--- Provided information ---

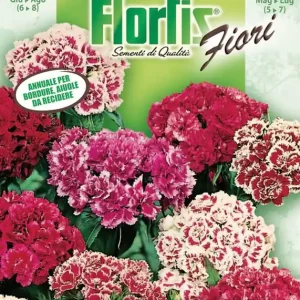 Ausverkauf Bartnelke Mischung | Bartnelkensamen von Flortis [MHD 12/2025]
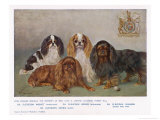 Four Types of King Charles Clevedon Champions reproduction procédé giclée par Frances C. Fairman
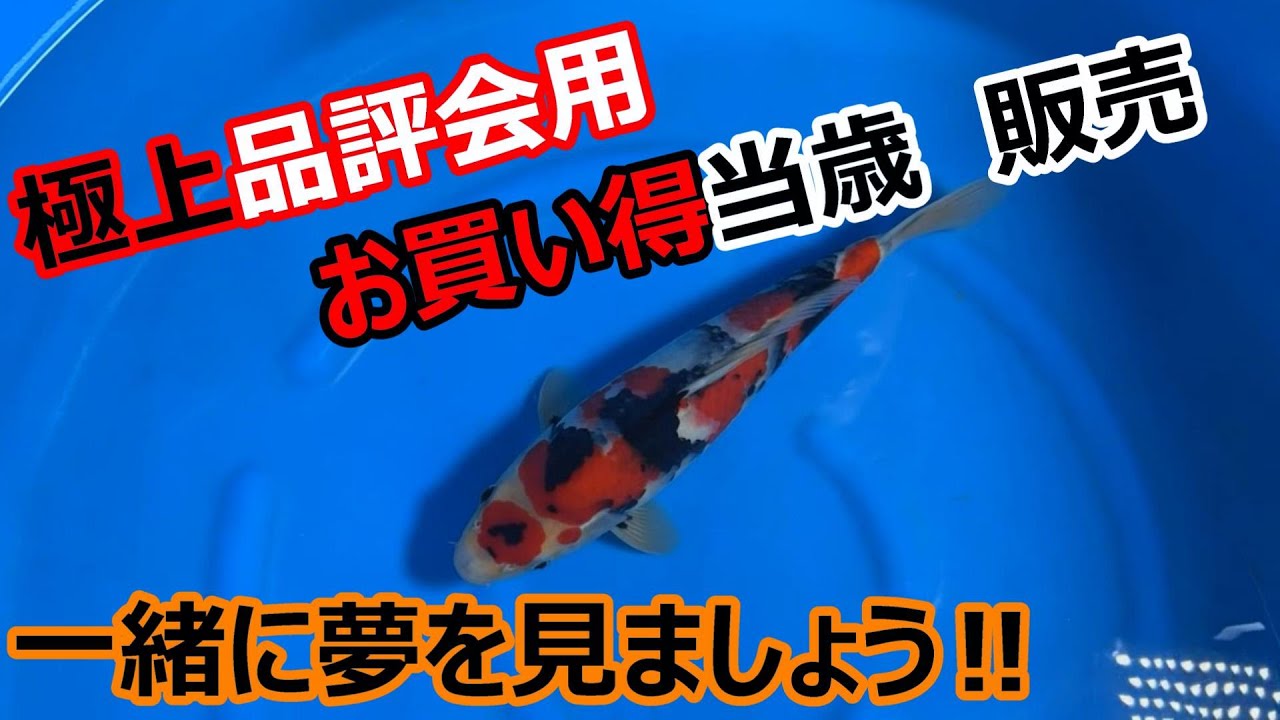 【金太郎錦鯉】　早い者勝ちデスヨ・・・・　#koifarm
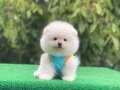 Ayıcık Surat Pomeranian Boo Yavrumuz
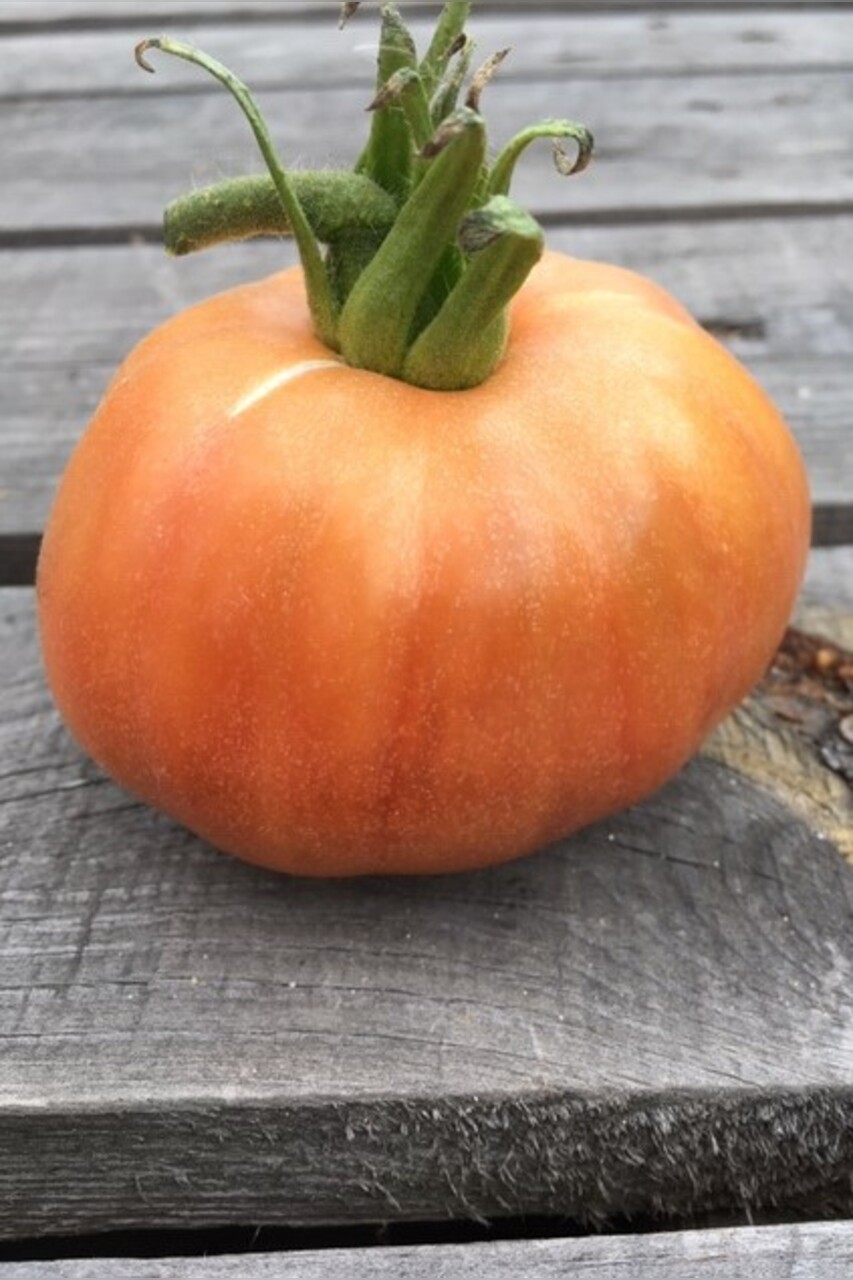 Tomaten-Set "Gewächshaustomaten" - 4 BIO-Sorten [samenfest]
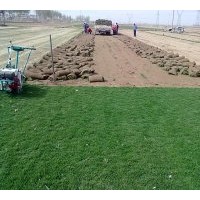 供應(yīng)優(yōu)質(zhì)河北冷寂型早熟禾草坪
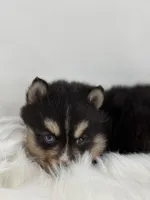 Christopher, a male Pomsky for sale in Goshen, IN – Photo 2 of 3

---

To do
Produce a verbatim copy of every entry, excluding pictures.

Solved exercise
 Ausverkauf Bartnelke Mischung | Bartnelkensamen von Flortis [MHD 12/2025]
 Four Types of King Charles Clevedon Champions reproduction procédé giclée par Frances C. Fairman
 【金太郎錦鯉】　早い者勝ちデスヨ・・・・　#koifarm
 Ayıcık Surat Pomeranian Boo Yavrumuz
 Tomaten-Set "Gewächshaustomaten" - 4 BIO-Sorten [samenfest]
 供應(yīng)優(yōu)質(zhì)河北冷寂型早熟禾草坪
 Christopher, a male Pomsky for sale in Goshen, IN – Photo 2 of 3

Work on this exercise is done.